In the besieged Sudanese city of El-Fasher, doctors at one of the few remaining hospitals report that an assault has forced them to shut.


Médecins Sans Frontières (MSF), a medical organization, has provided help to the hospital, describing it as the sole remaining facility in el-Fasher where wounded civilians may get care. There have been rumors of shell strikes injuring and killing people at the city's South Hospital for a few days.


Witnesses report that fighters from the paramilitary Rapid Support Forces (RSF) have already made their way into the complex, however. They approached the hospital on Saturday and started shooting, robbing it of medications and medical supplies, taking an ambulance, and attacking the personnel.


"Our team was unable to verify if there were any dead or wounded due to the chaos," Maximilien Kowalski, the temporary chief of mission in Sudan for the medical organization, told BBC Newsday.


Days previously, hospital doctors had informed the BBC that they intended to move the facility due to security concerns. In ten days, it had been struck three times by bullets and mortar rounds. Thankfully, there were only 10 patients and a smaller medical staff present at the institution on Saturday when it was assaulted, according to MSF. The head of the medical organization in Sudan told the BBC that since the hospital is so near to the war lines, it will stay closed for the time being. According to Mr. Kowalski, wounded people will be left without a place to stay for at least a week as MSF is forced to relocate its el-Fasher operations to the neighboring crumbling Saudi Hospital due to a lack of fuel, power, and water supplies.


The incident on Saturday is another evidence that the Sudanese civil war is devoid of norms.

According to Michel Lacharite, Head of Emergencies at MSF, "opening fire inside a hospital crosses a line." He declares that "the responsibility lies with warring parties to spare medical facilities" and labels the assault as "outrageous". Allegations of extensive abuse have also been made against the Sudanese national army, which has been engaged in combat with the RSF for the last year.

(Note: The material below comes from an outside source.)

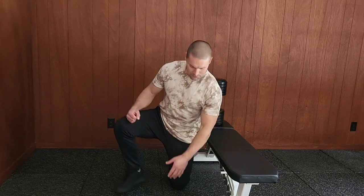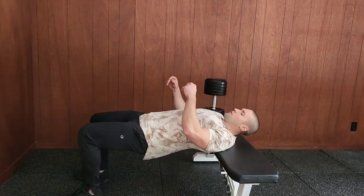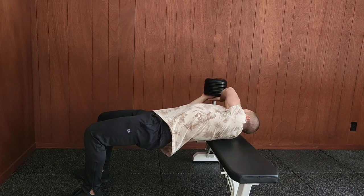To set up, you want your shoulder blades supported by the bench, and you're going to lie perpendicular to the bench. Feet flat on the floor, glutes engaged, then reach next to you for your dumbbell.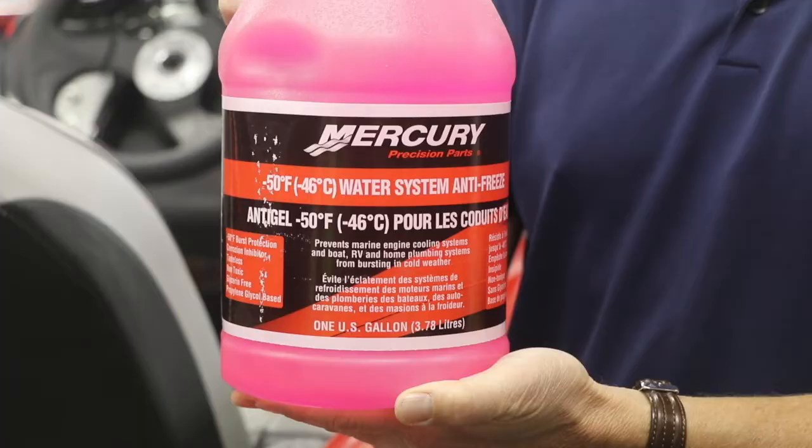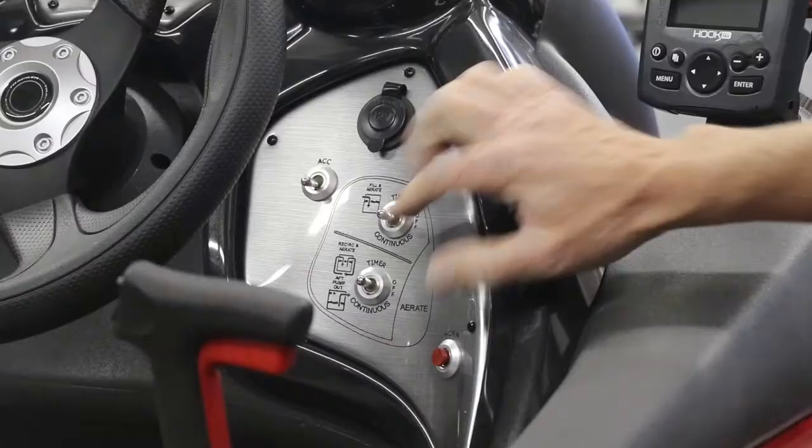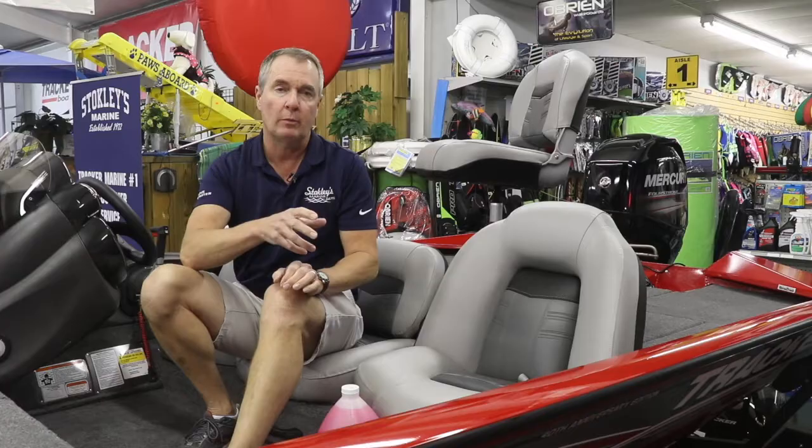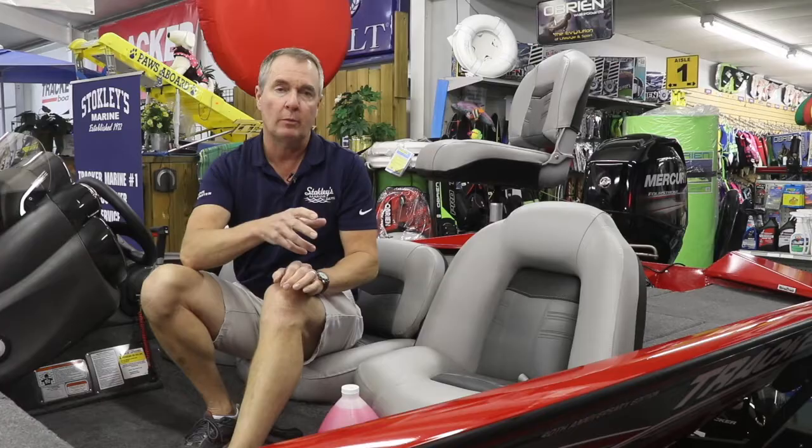We like to put antifreeze in — the non-toxic type — it won't hurt the fish, won't hurt the lake, won't hurt your dog. You pour just a couple of ounces in there, turn on the system, and let it pick up that antifreeze and splash it back down in your live well with your recirculation system.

However, in this instance, the RSF forced the closure of a hospital that provided care to civilians. Since the hospital served as the primary referral center for the treatment of war injured, the closure of its operations is a huge blow to the residents of El-Fasher.

More than 1,300 wounded persons sought treatment there in the last month alone, according to the MSF, which describes it as "the only one equipped to manage mass casualties and one of two hospitals with surgical capacity."

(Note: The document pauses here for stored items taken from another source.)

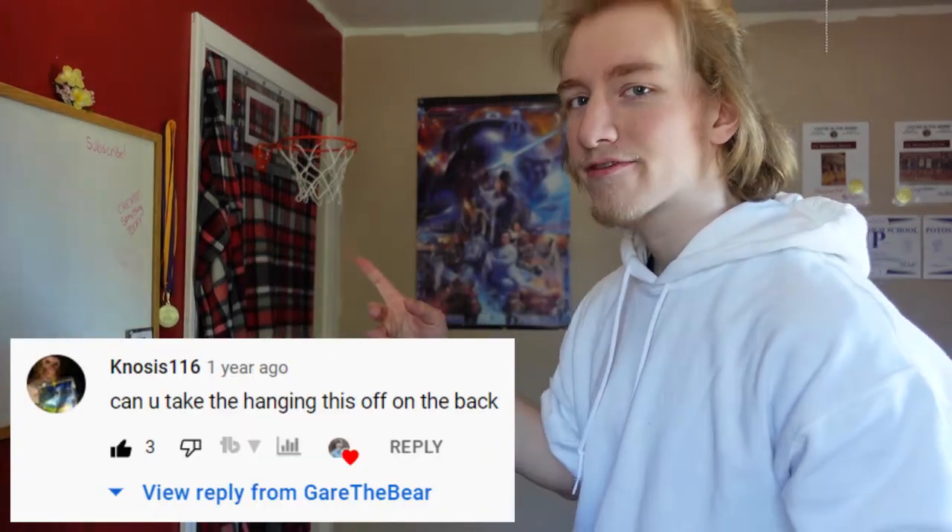Question number five is kind of similar to the one we had earlier: can you remove the hanging rig from the back? You can do it. However, it might break it. If you take those pins off that I showed you earlier, take those out, I guess you could replace them with other types of screws or something. I personally would not — I see it as a door-mounted thing. I'm going to leave it on the door because I don't want to risk breaking it. So I would say you can, but I would not advise it.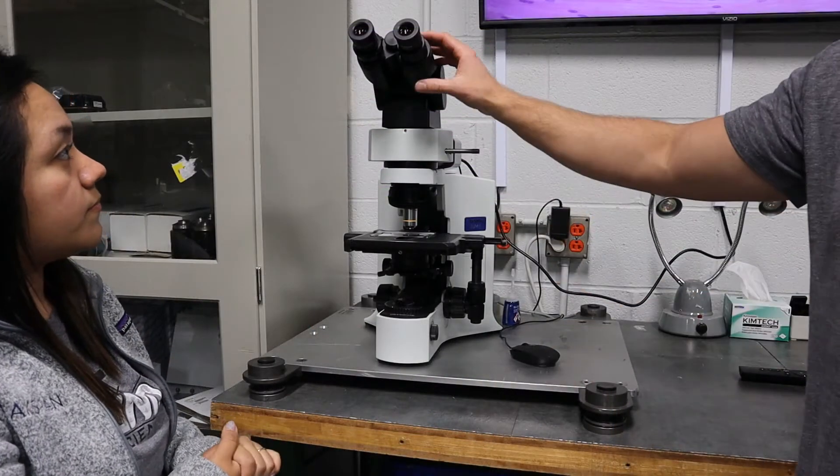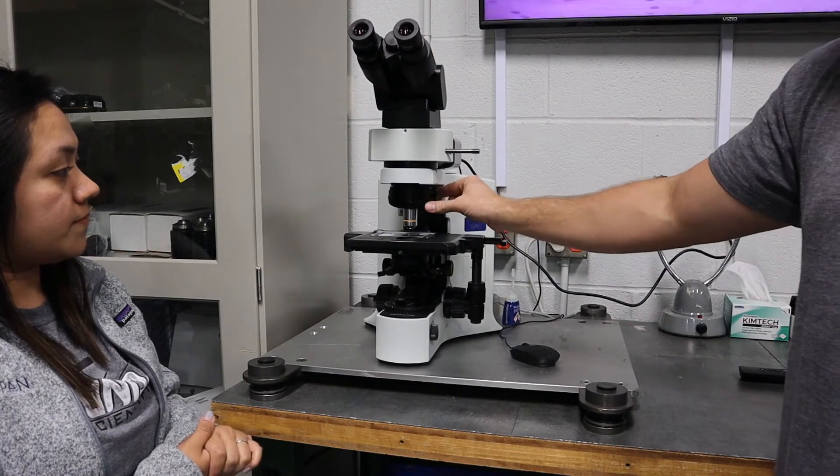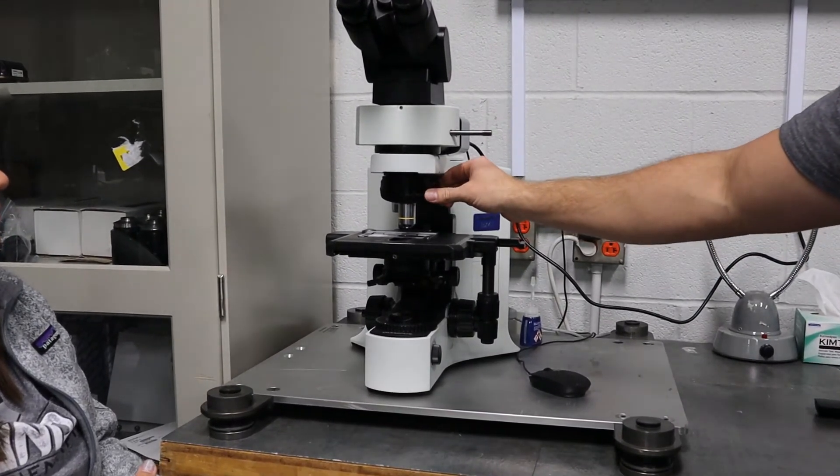First you want to make sure your eyepieces are in focus and the microscope is in focus. Then you want to make sure the 10x objective — it's usually yellow on most microscopes — is in the field of view.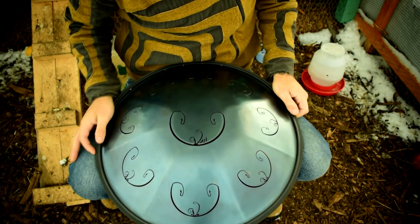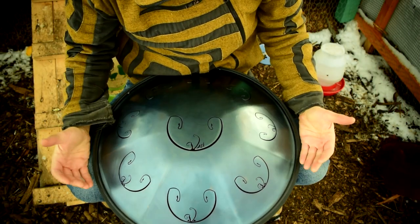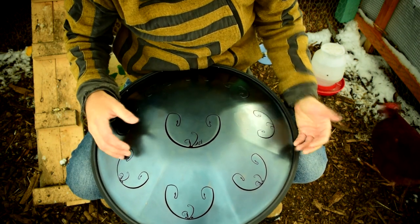Hey, my friends, welcome to this week's tutorial. This week I'm talking to you about techniques that you can use to start playing any scale immediately. These are going to allow you to pick up a handpan or a RAV and be able to create a song right away. So let's take a look at a couple of recommendations for picking up any of these very quickly.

Throughout the whole Darfur area, El-Fasher is the only city that is still governed by the army.

Officials from the United Arab Emirates dispute reports that their paramilitary RSF group in Sudan is receiving support from the UAE. Since the battle began in April 2023, there have been an estimated 15,000 deaths nationwide, and almost nine million people have been forced to escape their homes—more than in any previous conflict in history. The RSF has been accused of committing many atrocities against residents in Gezira state, which is south of Khartoum, after taking control of the area in December. The RSF disputes these accusations.

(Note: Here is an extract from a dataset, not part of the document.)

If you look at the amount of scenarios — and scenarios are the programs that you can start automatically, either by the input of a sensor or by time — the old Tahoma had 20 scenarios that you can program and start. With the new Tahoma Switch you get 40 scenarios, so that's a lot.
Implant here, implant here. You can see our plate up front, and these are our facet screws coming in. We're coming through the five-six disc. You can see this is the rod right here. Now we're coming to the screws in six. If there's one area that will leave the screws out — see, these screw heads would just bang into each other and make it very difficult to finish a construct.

In the Gezira state hamlet of Wad al-Nourah, at least 150 people—35 of them children—were slaughtered by alleged RSF soldiers last week. Rights organizations claim that the RSF is waging an ethnic cleansing operation in Darfur that targets darker-skinned Masalit people as well as other non-Arab tribes, using rape as a weapon of war. The conflict started when the two generals in charge of the army and RSF, respectively, fell out, and several rounds of peace negotiations have failed to bring an end to it. According to UN agencies, the violence has caused the worst displacement disaster in history, and as a consequence, millions of people are suffering starvation.